Exact Error Message:
a00084f8 HEX - A timeout occurred waiting for data from the agent during operation shutdown.
Solution:
This issue occurs when the timeout period expires for the Remote Agent for Windows Servers (RAWS).
To correct this problem, increase the timeout periods as follows:
1. Open regedit or regedt32 on the Backup Exec media server.
2. Increase the value of the following keys:
Set the registry value HKEY_LOCAL_MACHINE/Software/VERITAS/Backup Exec/Agent Browser/TCPIP/Expire Time to 1200 (Decimal)
Set the registry value HKEY_LOCAL_MACHINE/Software/VERITAS/Backup Exec/Engine/Agents/Data Connection Flush Timeout Seconds to 1800 (Decimal)
Set the registry value HKEY_LOCAL_MACHINE/Software/VERITAS/Backup Exec/Engine/Agents/NDMP Connect Open Time Out Seconds to 300 (Decimal)
Set the registry value HKEY_LOCAL_MACHINE/Software/VERITAS/Backup Exec/Engine/Agents/Notify Data Halted Time Out Seconds to 300 (Decimal)

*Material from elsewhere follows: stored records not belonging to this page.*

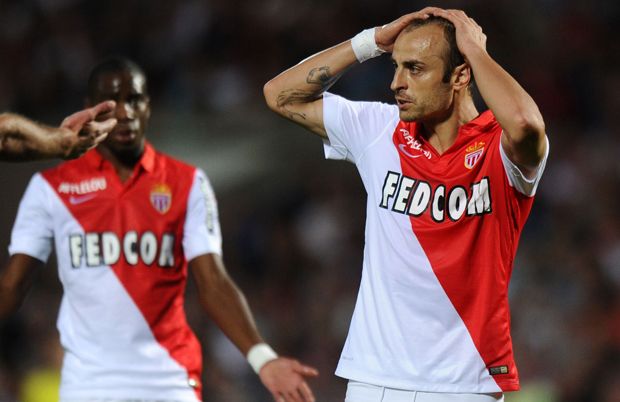 Berbatov Cuek Monaco...
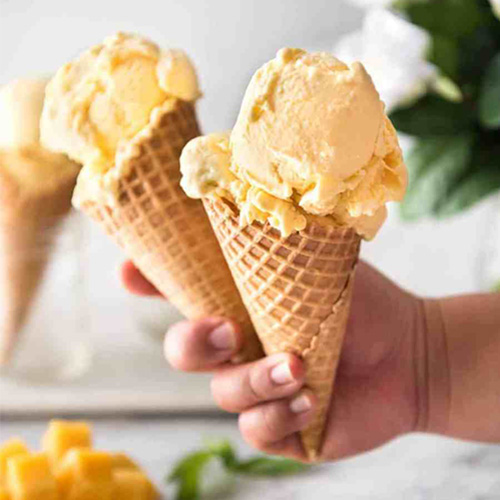 طرز تهیه بستنی انبه با ۳ روش آسان در خانه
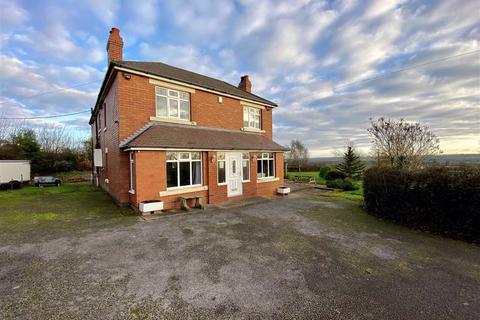 Overton House Fole Lane, Fole, Uttoxeter, ST14 5EE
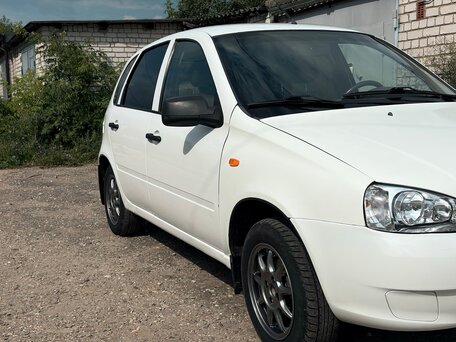 2013 Lada (ВАЗ) Kalina I, белый, 235000 рублей, вид 3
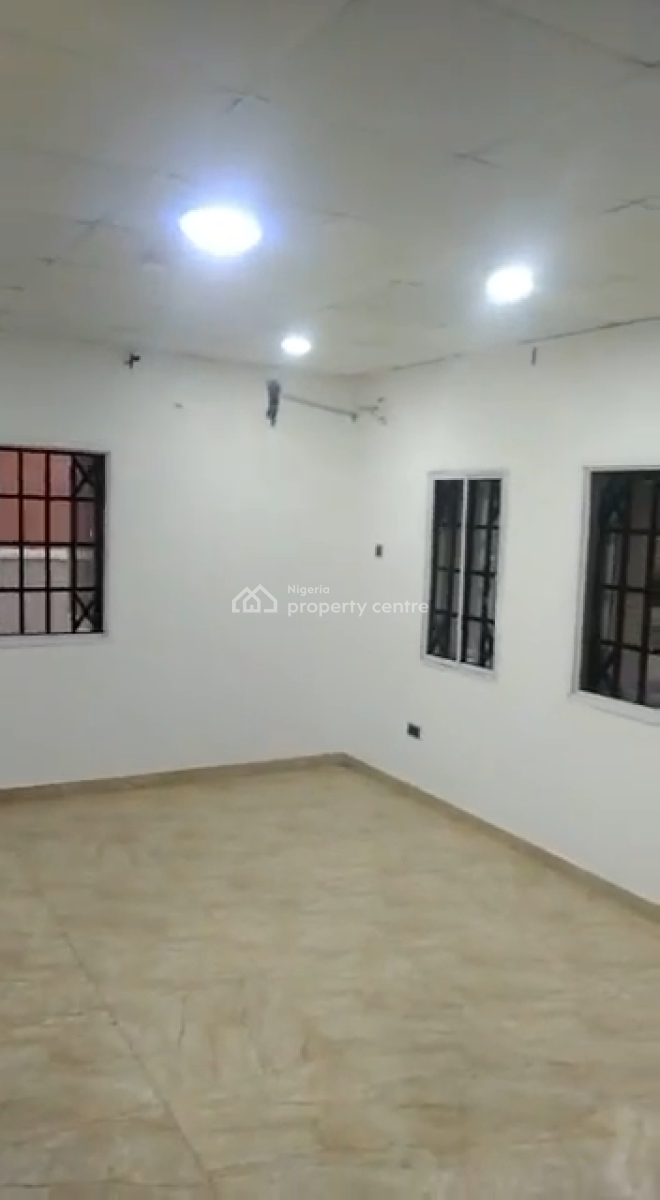 3 Bedroom Flat in a Serene Estate, Fashola Estate, Ibeshe, Ikorodu, Lagos, Flat / Apartment for Sale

Set the registry value HKEY_LOCAL_MACHINE/Software/VERITAS/Backup Exec/Network/TCPIP/Disconnect Delay to 1500 (Decimal)
Set the registry value HKEY_LOCAL_MACHINE/Software/VERITAS/Backup Exec/Network/TCPIP/WorkBufferSize to 32768 (Decimal)
Set the registry value HKEY_LOCAL_MACHINE/Software/VERITAS/Backup Exec/Engine/NTFS/Restrict Anonymous Support to 1. Create the value if necessary.
3. Stop all Backup Exec Services
4. Start up Backup Exec Services
------
Moved the server onto the local subnet to the backup server. This is too rule out switching problems. We backup seven servers in the same subnet without a problem.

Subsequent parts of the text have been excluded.